L'ordre de retrait intervient alors que l'Inde fait face à un mouvement de protestation mené par les jeunes contre les fuites de sujets d'examen. Des dizaines de milliers de personnes se sont rassemblées à Delhi derrière le Cockroach Janta Party (CJP), nommé de façon satirique, et le Premier ministre Narendra Modi a promis d'établir des tribunaux à traitement rapide pour les fonctionnaires accusés de fraude aux examens. Alors que l'accès à l'Internet mobile a été coupé autour du Parlement et du site de protestation de Jantar Mantar, les manifestants se sont tournés vers des outils de communication hors ligne tels que Bitchat. L'Inde a enregistré plus de coupures d'Internet que tout autre pays ces dernières années, selon l'observatoire des droits numériques Access Now, ce qui rend les outils contournant les contraintes de connectivité particulièrement pertinents en période de troubles civils.

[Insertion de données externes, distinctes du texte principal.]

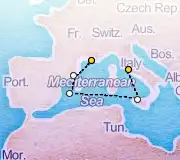 5 Night Marseille to Rome cruise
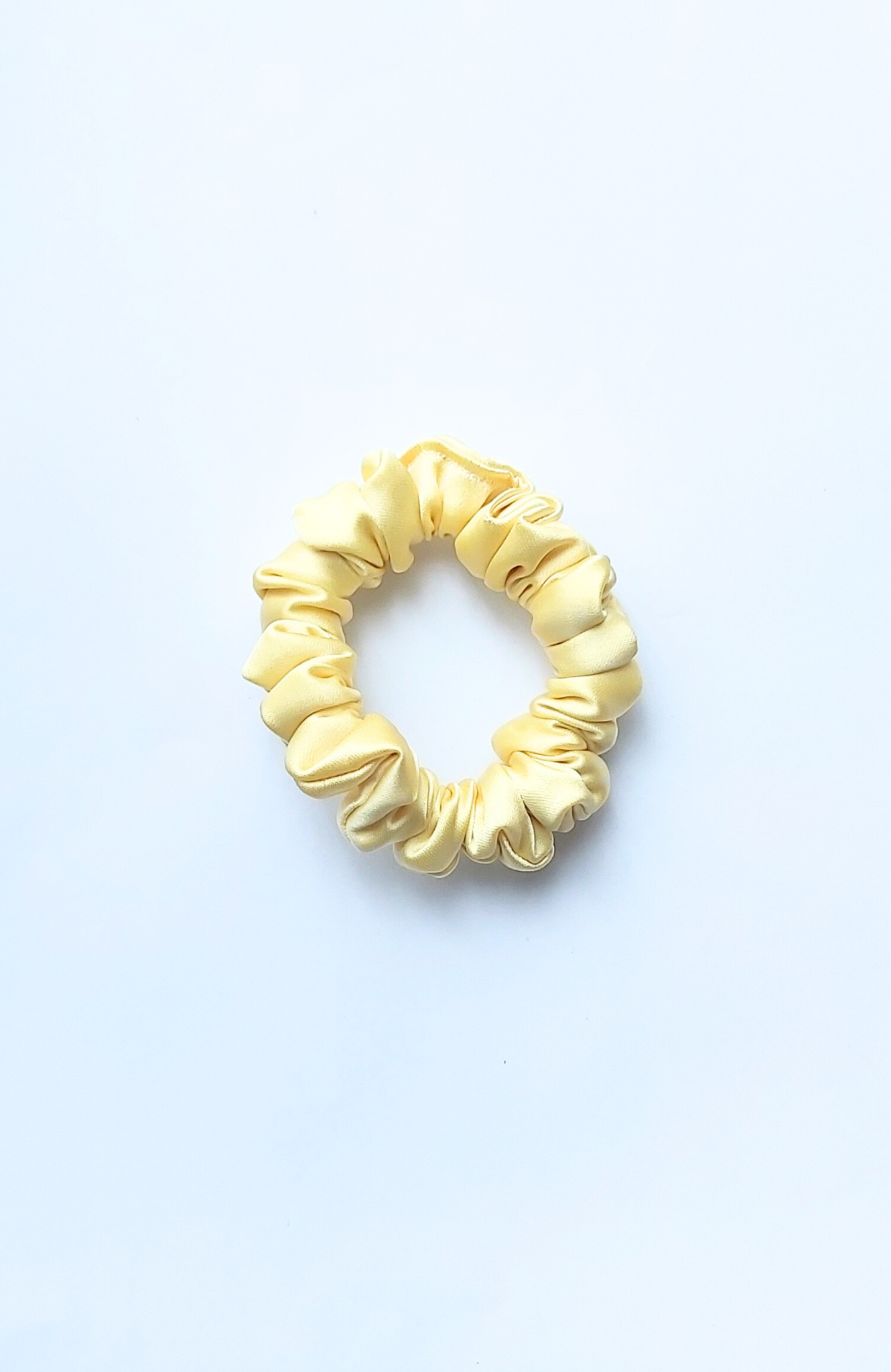 Small Satin Scrunchie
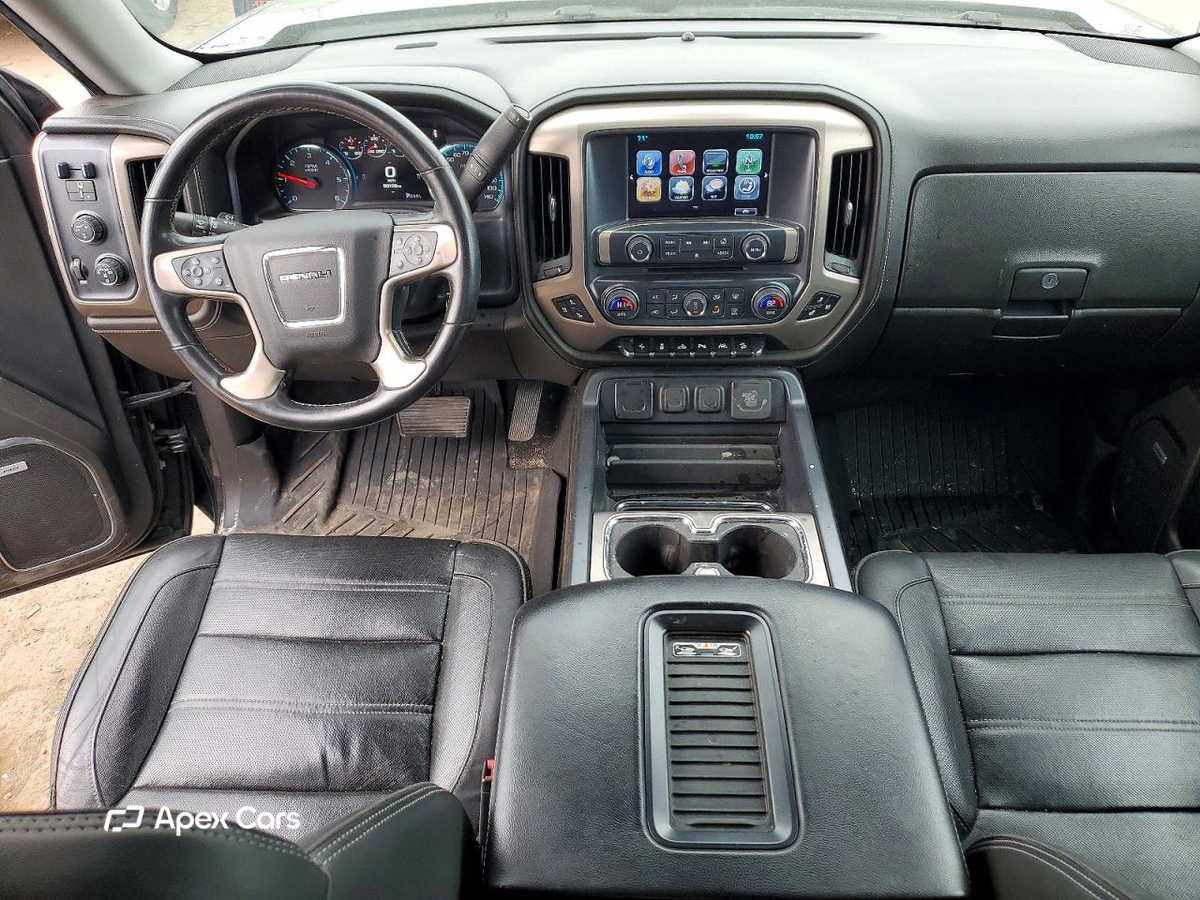 GMC Sierra 2018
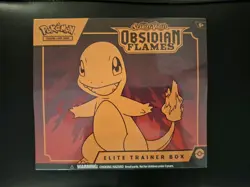 Pokemon Scarlet & Violet Obsidian Flames Elite Trainer Box (ETB) & Display Box - Image 2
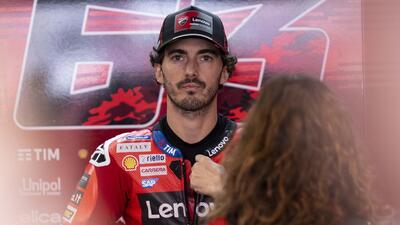 MotoGP 2025. GP del Portogallo. Pecco Bagnaia: "Al momento Alex Marquez &egrave; superiore. Noi siamo in un gruppo che va dal secondo al sesto"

Pas la première action d'un État

L'Inde n'est pas le premier gouvernement à s'en prendre à l'application. La Chine a ordonné son retrait de l'App Store d'Apple en avril, faisant écho à l'interdiction par Pékin en 2023 de Damus, basé sur Nostr et développé par Dorsey. Retirer une application d'un magasin limite sa distribution, tandis que supprimer le code source représente une tentative d'éliminer purement et simplement un projet — bien que le code open source puisse être librement copié et mis en miroir. Cette décision place également Microsoft dans une position de plus en plus familière pour les entreprises technologiques américaines opérant en Inde : concilier la conformité au droit local avec les attentes en matière de liberté d'expression des utilisateurs mondiaux.

De fait, quelques heures seulement après la répression de l'Inde, les dépôts Bitchat ont été mis en miroir sur GitLawb, une plateforme décentralisée de collaboration sur le code. Quelques jours plus tôt, Block, l'entreprise de Dorsey, a lancé Buzz, une plateforme décentralisée présentée comme un moyen de réduire sa propre dépendance à GitHub.

Microsoft n'a pas indiqué publiquement s'il avait respecté le délai de conformité de trois heures.